I do feel even in mental illness there are choices and a way to make things better—even if it’s just a choice to take your medication or make an outreach call. That’s important, and that’s exciting. I’ve certainly been in very bad places and it’s helpful to realize there is always something you can do to walk yourself out of it, even if it’s one step at a time.
When I went to music school I thought talent in music was something you had or didn’t have. I was curious about learning and I was shocked to learn there are things you can practice and get better at. Like, I always had trouble hearing a melody and being able to sing it back. I realized in these classes that you practice and you get better at it. Mental health is a thing you can get better at if you practice. It’s a magic way out of something you might think is a trap forever.
You are a Berklee drop out, true or false?
Yeah, I went to Berklee for four semesters and then I was concerned about wasting my father’s money.

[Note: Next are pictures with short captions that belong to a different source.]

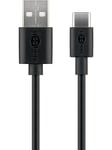 Pro USB-C™ charging and sync cable (USB-A > USB-C™)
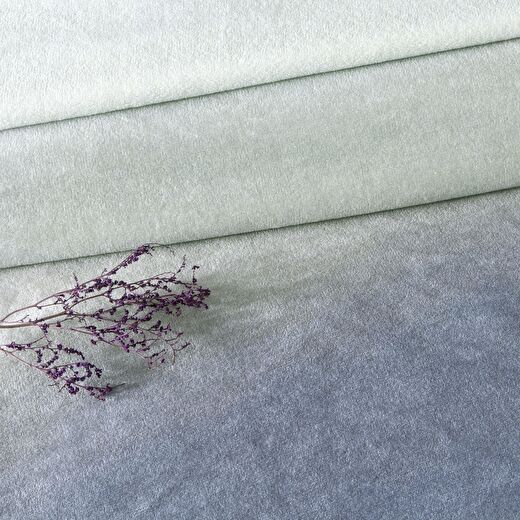 Linens Blurry Tek Kişilik Mavi Battaniye 2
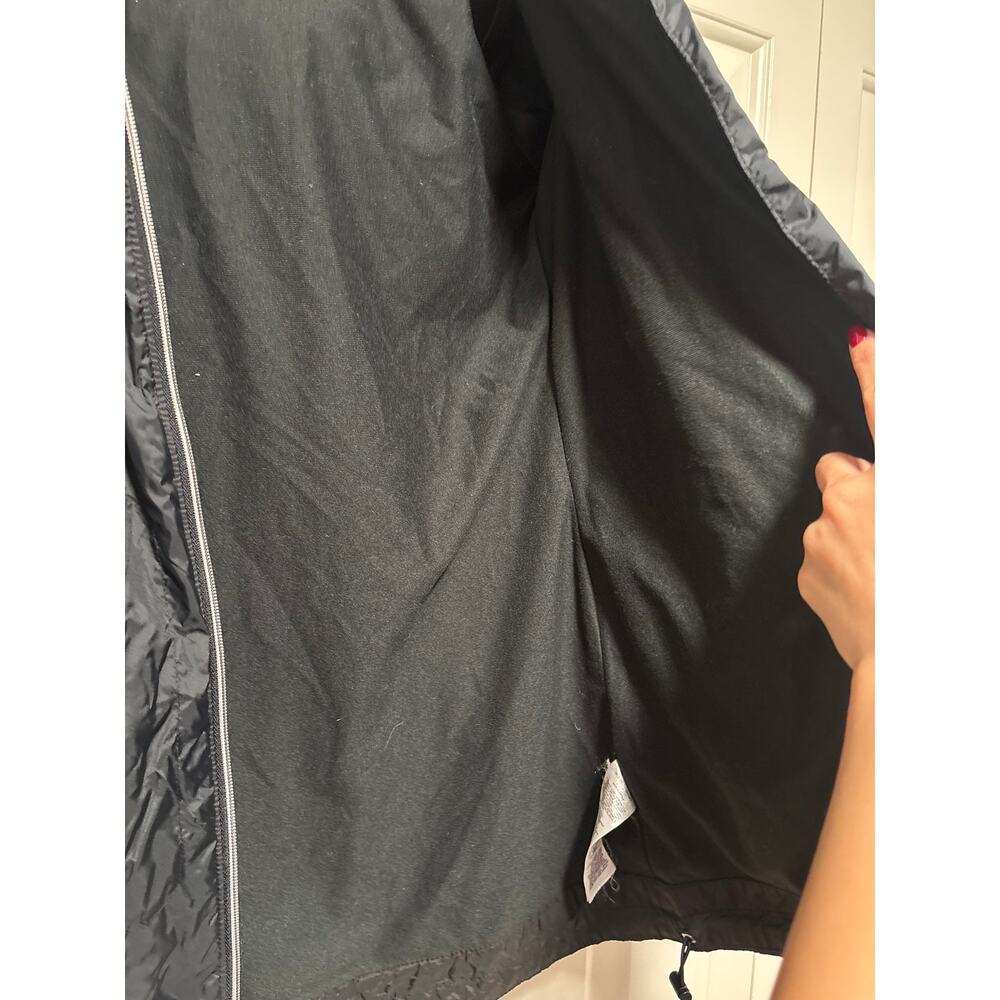 Columbia Black Hooded Outdoor Jacket Small - Picture 8 of 10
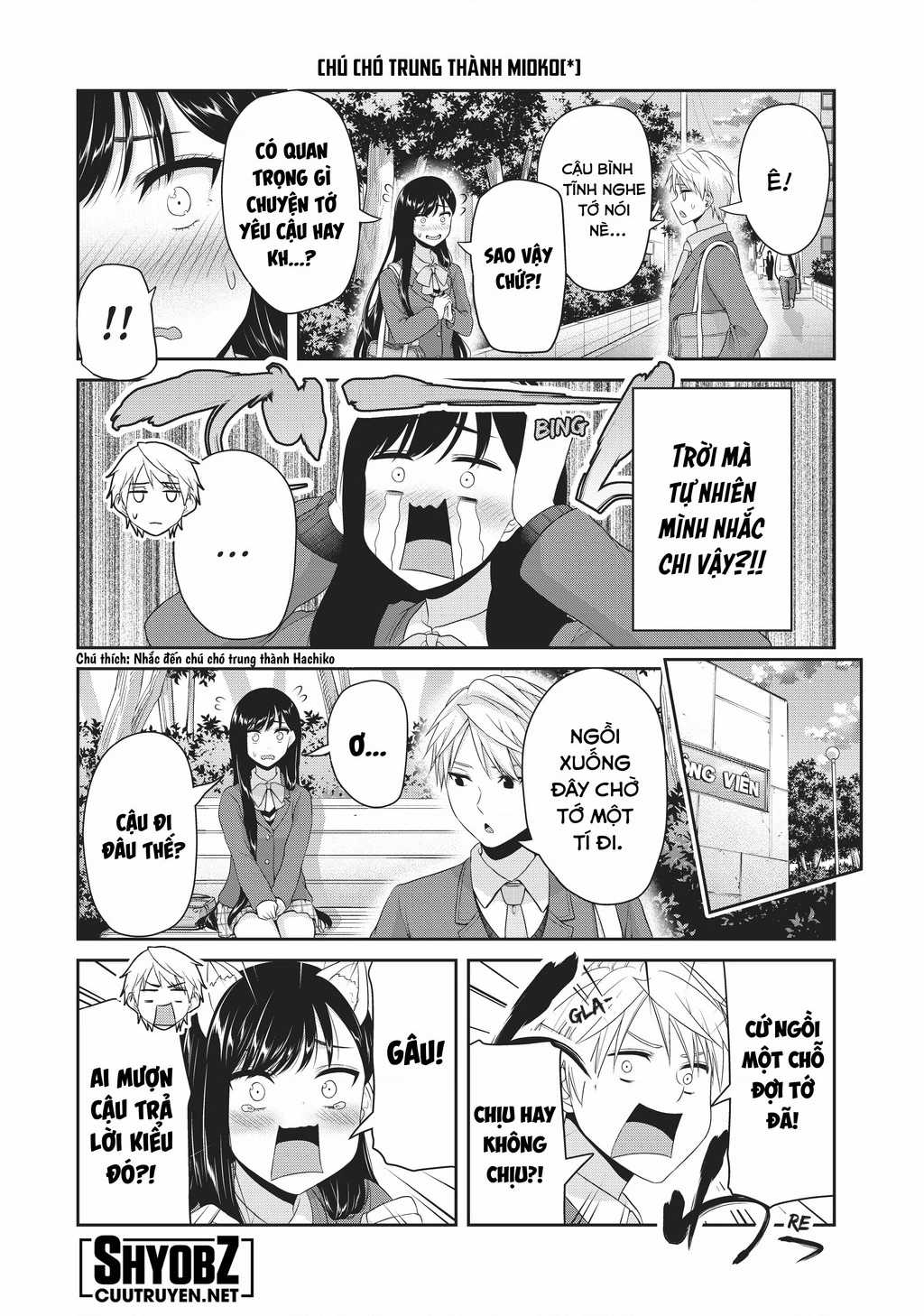 Thứ Mà Đôi Ta Mong Muốn - Chapter 122 - Trang 6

So I dropped out. I had also started a band and I wanted to see what being a working band and playing shows was like. And it worked out.
After starting your career in bands, notably in ‘Til Tuesday, is it nice to be back in a band format with Ted in The Both?
I loved being back in a band, but it’s definitely not in the past tense because we will do another record. It’s nice to have someone along for the ride—sometimes literally: We’d drive and listen to music. Sometimes it’s lonely by yourself.
When you started your career the music business was all about: a) getting a major label deal, b) selling millions of records. Has anything changed?
I don’t know who I would be speaking for, but the impression I get is that more people pursue music now to be famous. But they don’t really understand how impossible that is, and what an empty goal it is.
It’s about being the huge mega-selling divas who can do whatever they want: the goal is to be rich, famous, and powerful, and tell everybody to fuck off. I don’t think people understand how hard it is to even make a living. I don’t think people have a realistic idea about it.
Thirty years on, what keeps you keeping on?
I just love writing songs. There have been points where I’ve had writer’s block and those feelings of I’ll never write anything good ever again. But at the end of the day it’s really fun to write; I love it and it’s my favorite thing. I can’t imagine ever getting tired of it.
Aimee Mann plays Town Hall on April 22, and the Music Hall of Williamsburg on June 26.